Ya, dan itu tak bisa dibendung.

"You don't wanna hurt me,
But see how deep the bullet lies.
Unaware that I'm tearing you asunder.
There's a thunder in our hearts, baby."

Senandung Lysander telak membuatku tergagap. Mengapa di dunia yang kulompati paling jauh ini ia tahu apa yang ada didalam hatiku saat ini?
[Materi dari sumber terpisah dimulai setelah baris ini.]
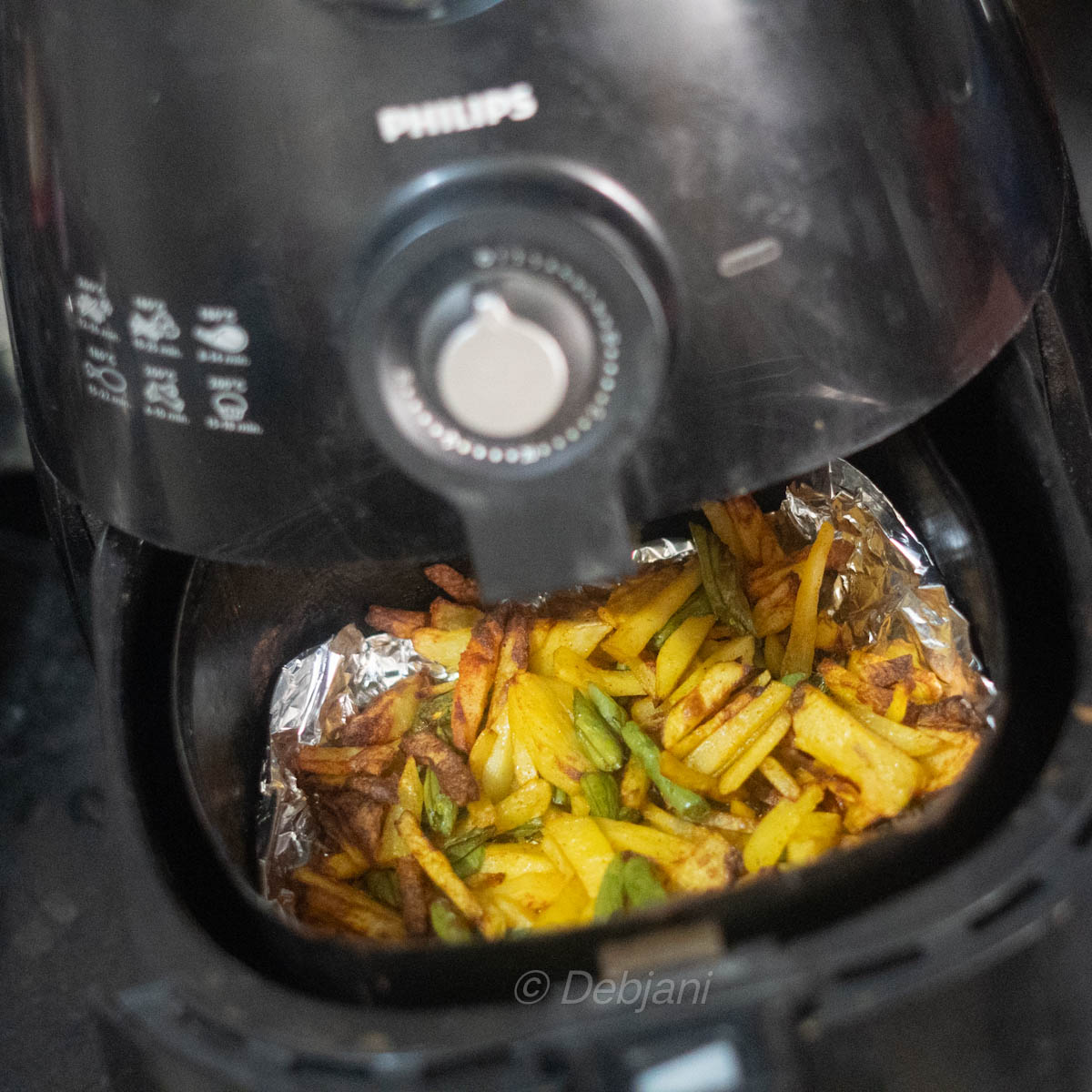 Air Fryer Bengali Aloo Beans Bhaja Recipe - Crispy Potato and Beans Fry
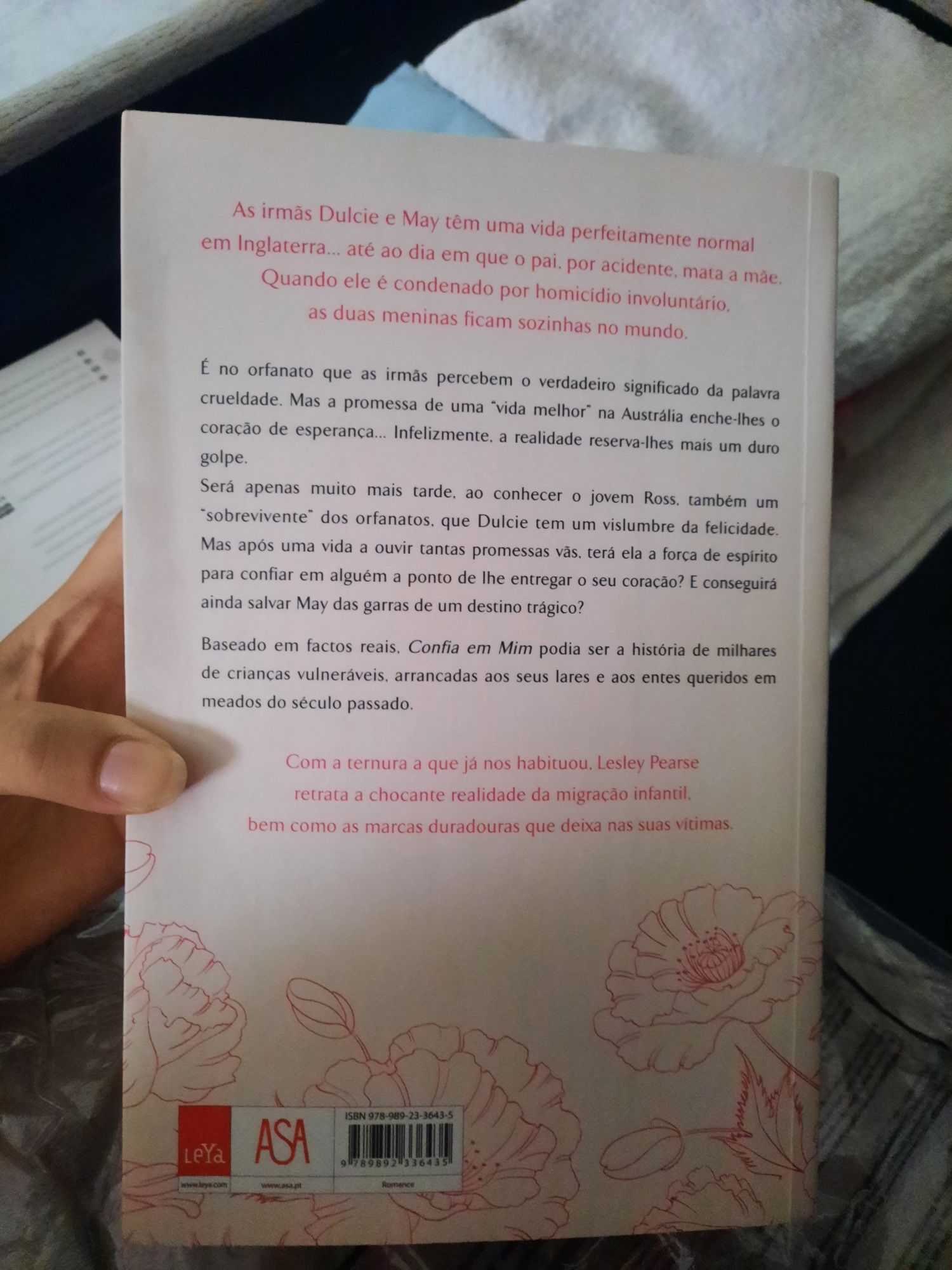 Livro CONFIA EM MIM de Lesley Pearse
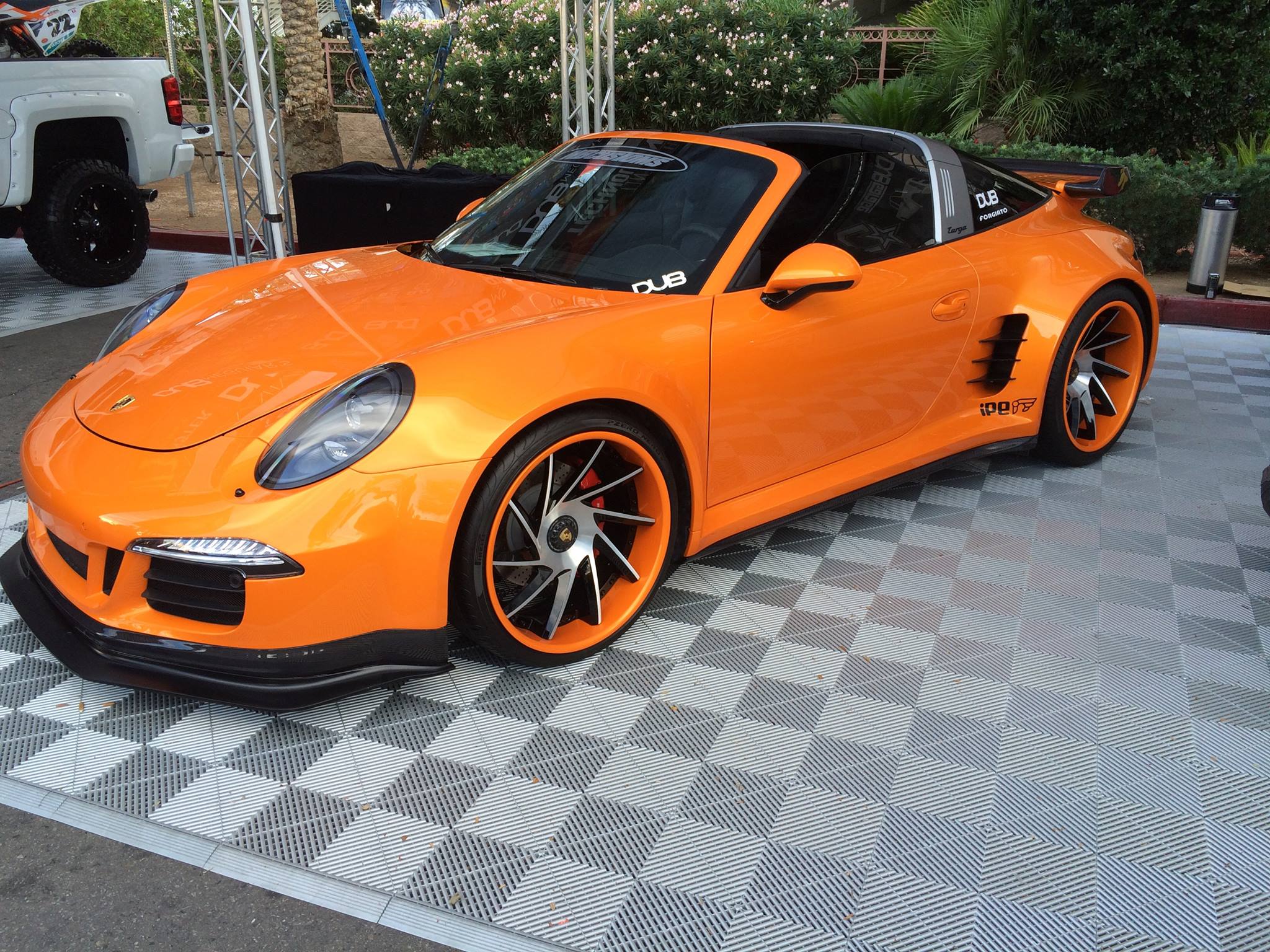 orange Porsche on swisstrax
Dan apakah dia yang berada di Phantasmagoria sama tahunya dengan Lysander?
"Tentu ia tahu sayang, sangat tahu."
Aku menangis tanpa malu, mengingatnya yang menunggu.
"Kau ingin disini dulu untuk sementara?"
Aku mengangguk dalam sesengguk.
"Hanya untuk sementara kan?"
Aku mengangguk lagi, "tapi aku belum tahu sampai kapan.."
Lysander membelai rambutku, mengangkat daguku hingga mendongak,
"Ada yang ingin kau sampaikan padanya tanpa nocturne?"
Aku menatap manik matanya dengan yakin,

"Sampaikan padanya, aku mencintainya, dan berharap ia masih sabar menunggu."


***




*Lysander-William Shakespeare, Midsummer night's dream, Gallows-Cocorosie, Wish you were here-Rasputina, Running up the hill-Placebo.



Ruang mati suri, Juli pada yang dua.